New law on the prescribing of medicines by their generic name
Law No. 25,642 entitled "Promotion of the use of the generic name of medicines" was published in the Official Gazette on September 19, 2002. An analysis of the requirements of the new law reveals the existence of difficulties in fact and in law that could threaten the life and health of the population.

At the beginning of the year the difficult economic and financial situation prevailing in Argentina, with extreme levels of poverty and a crisis affecting the health system, obliged the Government to issue Decree No. 286/02 declaring a National Sanitary Emergency (1).
In this emergency situation, faced by the difficulty that the lower-income segment of the population (2) was experiencing in acquiring medicine, in recent months Congress has been addressing the need to introduce a nation-wide system for the prescription of drugs by their generic names.

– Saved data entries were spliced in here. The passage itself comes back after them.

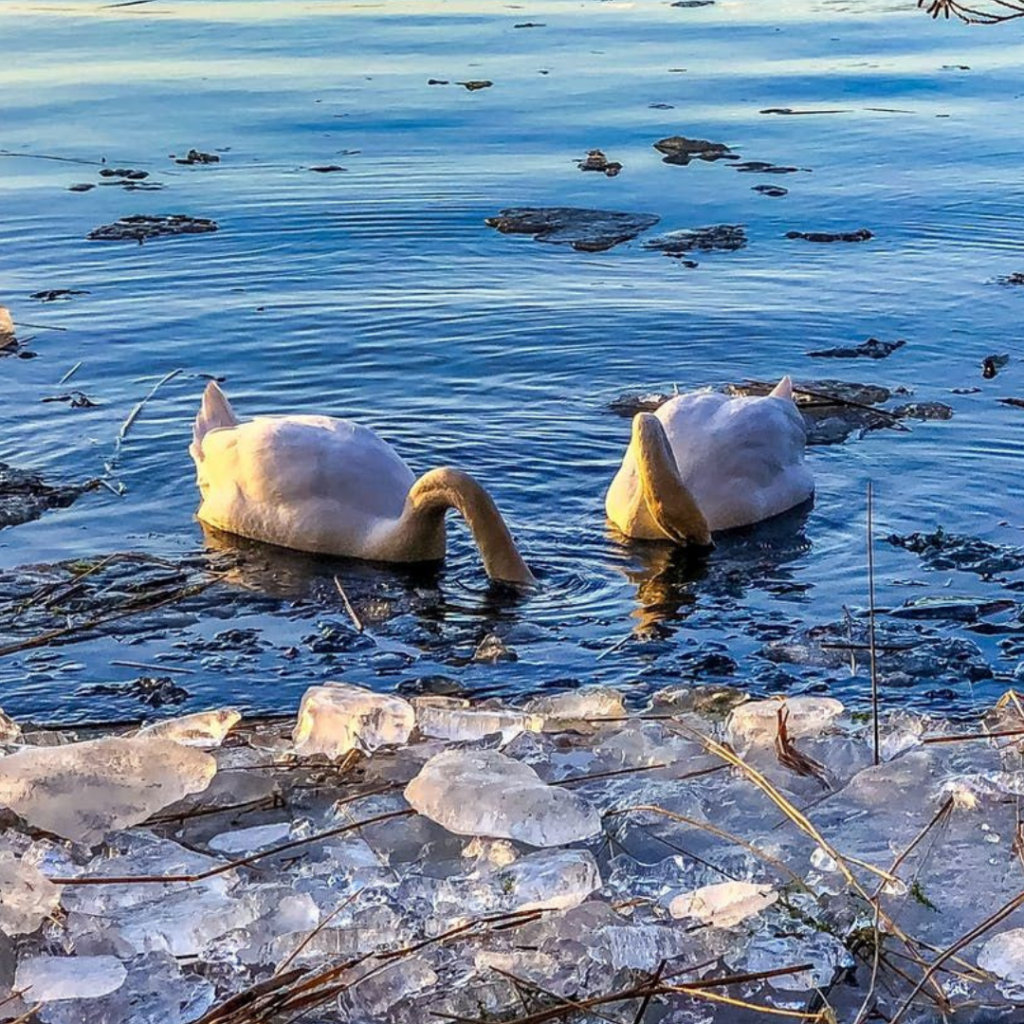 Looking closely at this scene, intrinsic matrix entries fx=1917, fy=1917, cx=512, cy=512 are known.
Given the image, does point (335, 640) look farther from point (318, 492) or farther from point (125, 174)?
point (125, 174)

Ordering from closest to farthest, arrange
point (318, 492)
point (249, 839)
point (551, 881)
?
point (551, 881), point (249, 839), point (318, 492)

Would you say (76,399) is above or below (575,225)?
below

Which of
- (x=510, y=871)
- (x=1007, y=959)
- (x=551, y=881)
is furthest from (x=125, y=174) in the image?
(x=1007, y=959)

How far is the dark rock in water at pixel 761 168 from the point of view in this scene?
16859mm

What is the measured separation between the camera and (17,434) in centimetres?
1027

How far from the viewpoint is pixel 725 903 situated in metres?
4.18

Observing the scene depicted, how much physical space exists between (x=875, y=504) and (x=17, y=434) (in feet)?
14.9

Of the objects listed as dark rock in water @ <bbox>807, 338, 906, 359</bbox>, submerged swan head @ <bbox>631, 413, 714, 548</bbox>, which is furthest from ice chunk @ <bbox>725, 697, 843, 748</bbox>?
dark rock in water @ <bbox>807, 338, 906, 359</bbox>

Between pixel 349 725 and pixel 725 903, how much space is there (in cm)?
143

According to the legislators themselves, the purpose of the initiative is to lower the cost of public and private spending on health (3). The writing of prescriptions using generic names allows patients to opt for the lowest price among "similar medicines" (4), which the pharmacist must offer at the request of the consumer. It is therefore expected that the prices of all medicines will tend to fall as a result of competition and the lower prices of the "similar medicines".
The bill received wide support from the Government and a large number of organizations and entities, including those in academic circles.

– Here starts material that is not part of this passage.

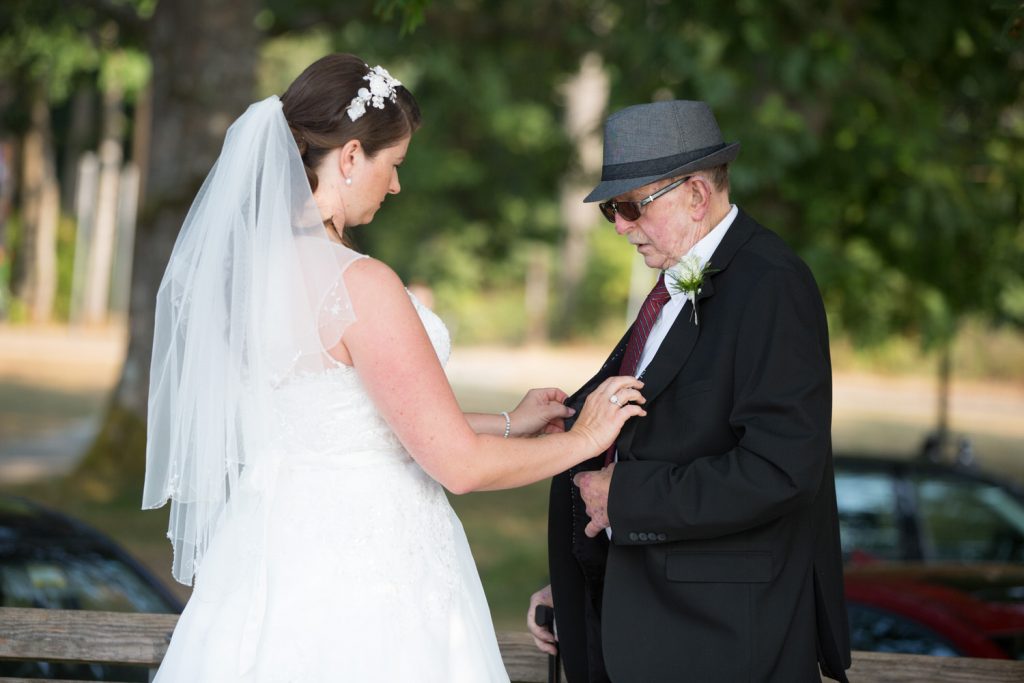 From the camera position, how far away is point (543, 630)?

On the other hand, the three pharmaceutical chambers grouping local and foreign drug manufacturers (CILFA (5), CAEME (6) and COOPERALA (7) ) opposed the project, stating that: "there is no international experience of any similar policy that, against all scientific methods, lays down that medicines with the same active ingredient are equivalent and replaceable among themselves" (8).
For its part, the Asociación Médica Argentina (Argentine Medical Association) criticized the fact that pharmacists would be able to change the drugs prescribed by physicians as part of their technical, legal and ethical responsibility (9).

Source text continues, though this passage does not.